Why it matters: These substances are "responsible for roughly half of all climate warming to date and can contribute to harmful air pollution," per the Superpollutant Action Initiative.
- Superpollutants are shorter-lived in the atmosphere than CO2 but have powerful near-term effects.
Driving the news: Participants include Amazon, Autodesk, Figma, Google, JPMorganChase, Salesforce, and Workday.
- The goal is $100 million in new finance through 2030, and the group is working with an array of outside partners.
- It's organized through the Beyond Alliance, an existing coalition of businesses and NGOs.
State of play: Randy Spock, Google's carbon credits and removals lead, cited potential project areas like cutting landfill methane and stemming the release of refrigerant gases when HVAC systems are replaced.
- He said corporate support can help facilitate significantly higher funding, and that the new initiative can go beyond Google's work on its own emissions.

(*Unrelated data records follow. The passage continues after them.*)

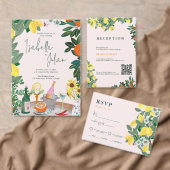 Zomer Lemon Italië Huwelijk Save The Date (Personaliseer de collectie van deze zelfstandige maker.)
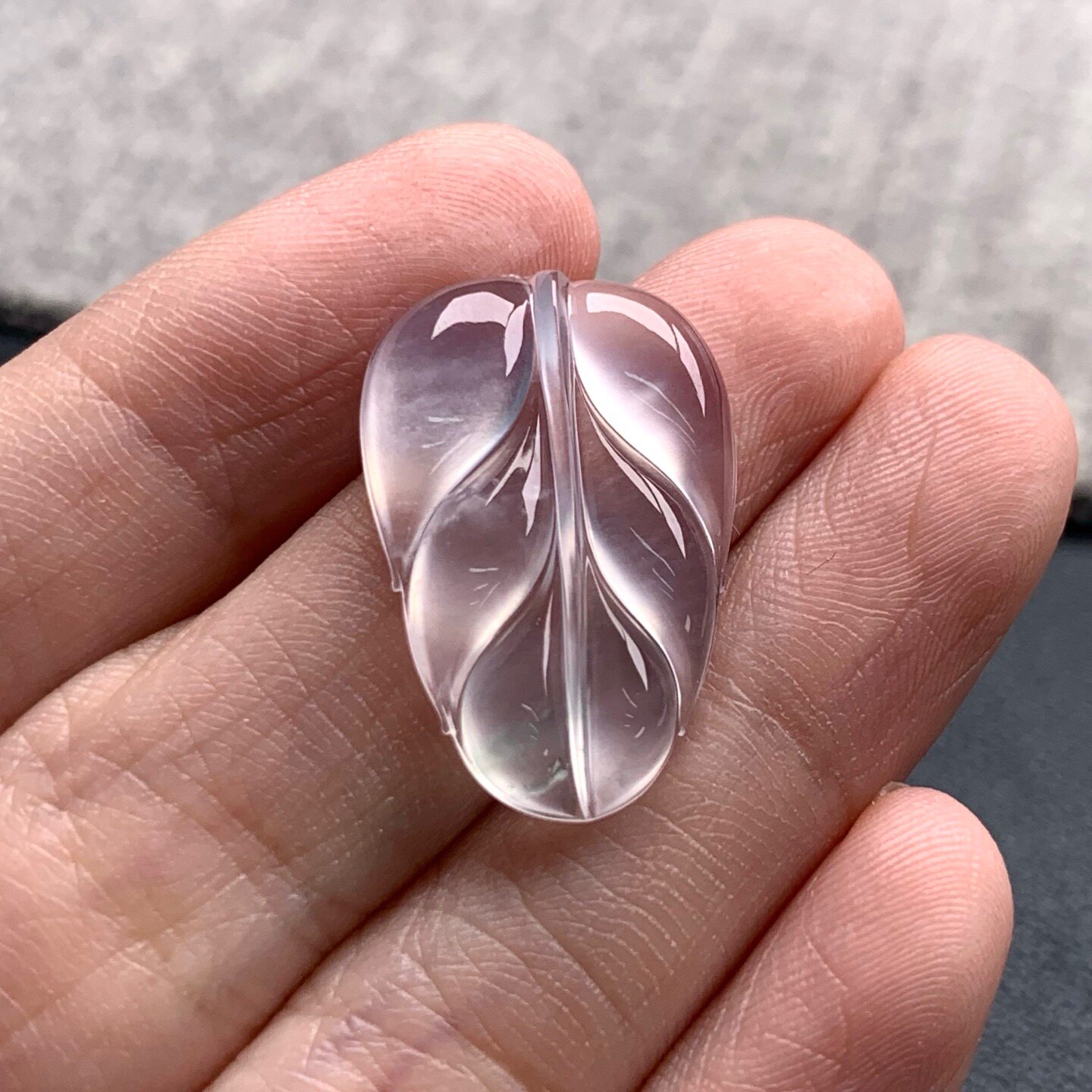 天然A货缅甸翡翠 叶子 尺寸 缅甸翡翠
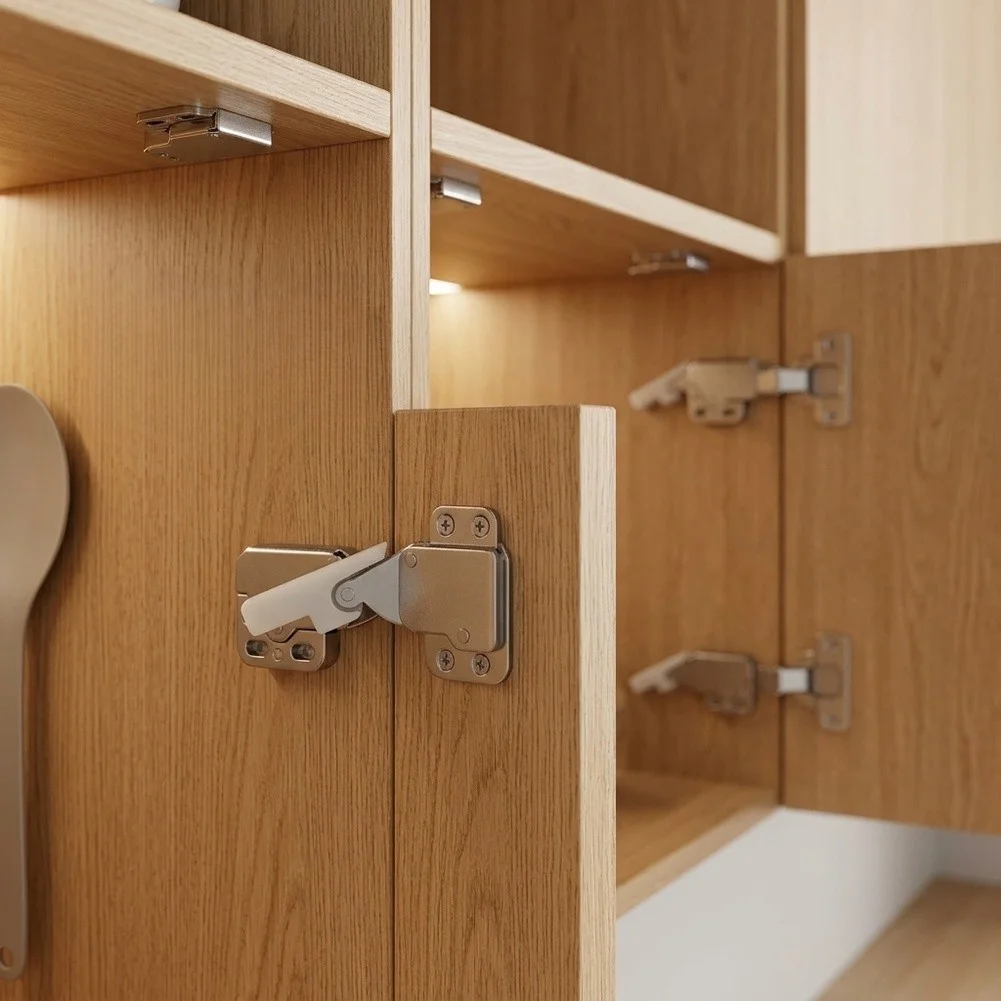 Cabinet Door Damper Hardware Push to Open Touch Latch Catch for Cabinet Door Mounting 35x28mm White Metal Alloy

"The goal is to be the most catalytic force we can in pinpointing and eliminating superpollutants around the world," he told Axios.
- "That means listening to a range of scientific experts about what is the right way to leverage this sort of catalytic initial contribution of these companies into change that can really make a difference on an atmospheric scale," he said.
What we're watching: The Beyond Alliance plans to work with the Carbon Containment Lab and other scientists to help guide corporate efforts. The nonprofit research lab was founded at Yale in 2020 and spun out in 2024.